思えば初めての

 ジョブ、使用武器、ステータス、戦術。

 全部事細かにってわけではないが、白碧の青龍蝦撃破までの流れをざっくばらんに話し終えれば、ラルカは面白おかしく笑い飛ばしてみせた。


「あはは、何それ! DEX極振りでボスを倒しちゃったの!? 君たち、本当に変わってるのね」

「……返す言葉もないっす」

「あ、決して馬鹿にしてるとかじゃないから、そこは勘違いしないで欲しいでね。寧ろ、それで勝てる君たちの強さに感心していたところよ」


 言って、ラルカはうんうんと頷いてみせる。

 表情や声の感じからしてリップサービスではなさそうだ。


「そっかあ……運用できるだけのプレイヤースキルが大前提な部分はあるけど、レベル20のデュオプレイでも装備とステ振り次第であいつの装甲も突破できちゃうものなのね」

「ぶっちゃけ諸々の相性が抜群に良かったのと、致命的な弱点を抱えてくれてたのがデカかっただけっすよ」


 奴にまともなダメージを与えることができたのは、広範囲かつ指向性を持たせることのできるコトの電撃音撃と、物理耐性を貫通する内部破壊効果を持つ一の型【破桜】があったおかげだ。
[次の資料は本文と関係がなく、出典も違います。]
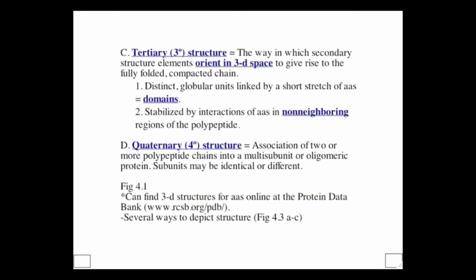Determining the overall 3D structure of a protein is not an easy task and took many brilliant scientists many years. One method, pioneered by Dorothy Crowfoot Hodgkin, involves growing a crystal of the protein — sometimes with binding molecules and water — hitting it with a beam of electrons, and analyzing the diffraction pattern. Combined with knowledge of the primary structure, this diffraction pattern reveals the overall three-dimensional structure. This is called x-ray crystallography and remains the most commonly used technique today.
 加えて現実のシャコと一緒で目をやられると戦意喪失して動かなくなるって仕様が無かったら、どっかで事故って負けてた可能性の方が高い。


「というか、弱点さえ分かってたら楽勝の部類に入る気がするんすけど」

「それはまあ、そうなんだけど……分かっていてもやれる事とやれない事ってあるじゃない?」


 苦笑して、


「ちなみに聞くけど、OROの他に何かVRゲーの経験はあったりする?」

「MMOはこれが初ですけど、前に二人でモンスレをやり込んではいました。もう三ヶ月くらい前の話っすけど」

「……なるほど、モンスレね。どれくらいやり込んでたのかしら?」

「裏ボスノーダメ撃破できるくらいっすかね。つっても、もう一度同じことをやれと言われても無理っすけど」


 気が遠くなるくらいの膨大な数のリトライを繰り返した末の達成だから、出来ることならもう二度とやりたくない。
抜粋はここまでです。